There was plenty of parking in the lot below the town hall and the place was not busy. As we walked in, I overheard one of the poll workers tell a voter that she “must be special,” joking, because she got to go to the Chittenden 1-2 district table to get her ballot. I went in an noted that I must be special as well. Here was the irony: a small fraction of voters are in my district but I had to wait behind one person while no one was getting a ballot from the five poll workers for Chittenden 1-1.
It was not a long wait. My daughter and I found a booth (open, no curtain here, but private enough) and I marked my ballot. I was proud to be able to vote across parties for local races. i voted for Barack Obama (as I write the New York Times reports that so far 66% of Vermonters voted for Obama–not bad for the whitest state in the union) and it felt great to finally be able to fill in that oval. I also voted for my former state representative, Gaye Symington, for governor, although she has had little chance of winning.

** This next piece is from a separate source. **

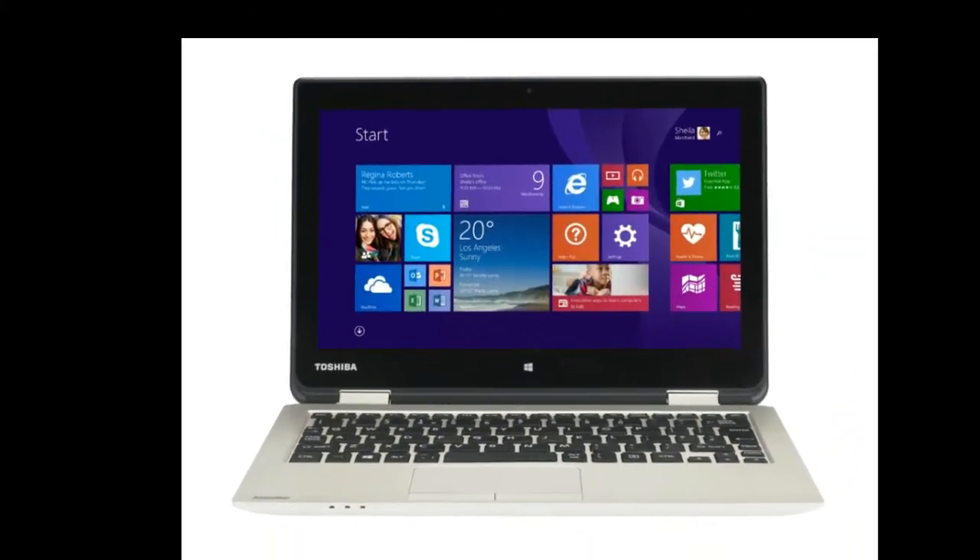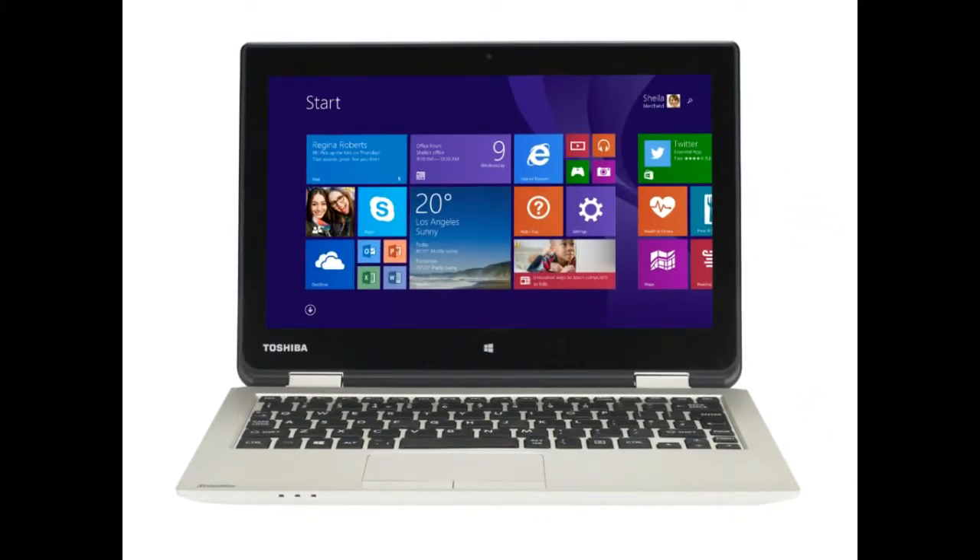Unlike the ongoing 15.6-inch model, the Radius 11 packs an 11.6-inch display and can be converted into five modes: namely the Notebook mode, Audience, Presentation, Tablet, and Tabletop mode respectively.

My daughter fed the ballot into the electronic scanner and we each took an “I Voted” sticker. We got a couple of donut holes (she made sure to take one for her brother, who we were headed to pick up after leaving the town hall–I love her for that kind of thing), thanked the poll workers, and headed back out. The whole process took all of ten minutes. There was a line of traffic heading into town as we left town but we skirted that problem.
My daughter asked me later who the first president was as well as who “the last” president was. She asked me more about his last president. What could I say? I just told her that some people are good at their jobs and some people are not and that he was not all that good at his. We talked about that for a few minutes, with me struggling to explain national politics to a child whose first experience was a mock election at school today. I am sure we will have more such conversations.
It looks like a good bet that my children will remember Barack Obama as the first president of their lives. That is historical and powerful. It is amazing. And I am happy to be part of it.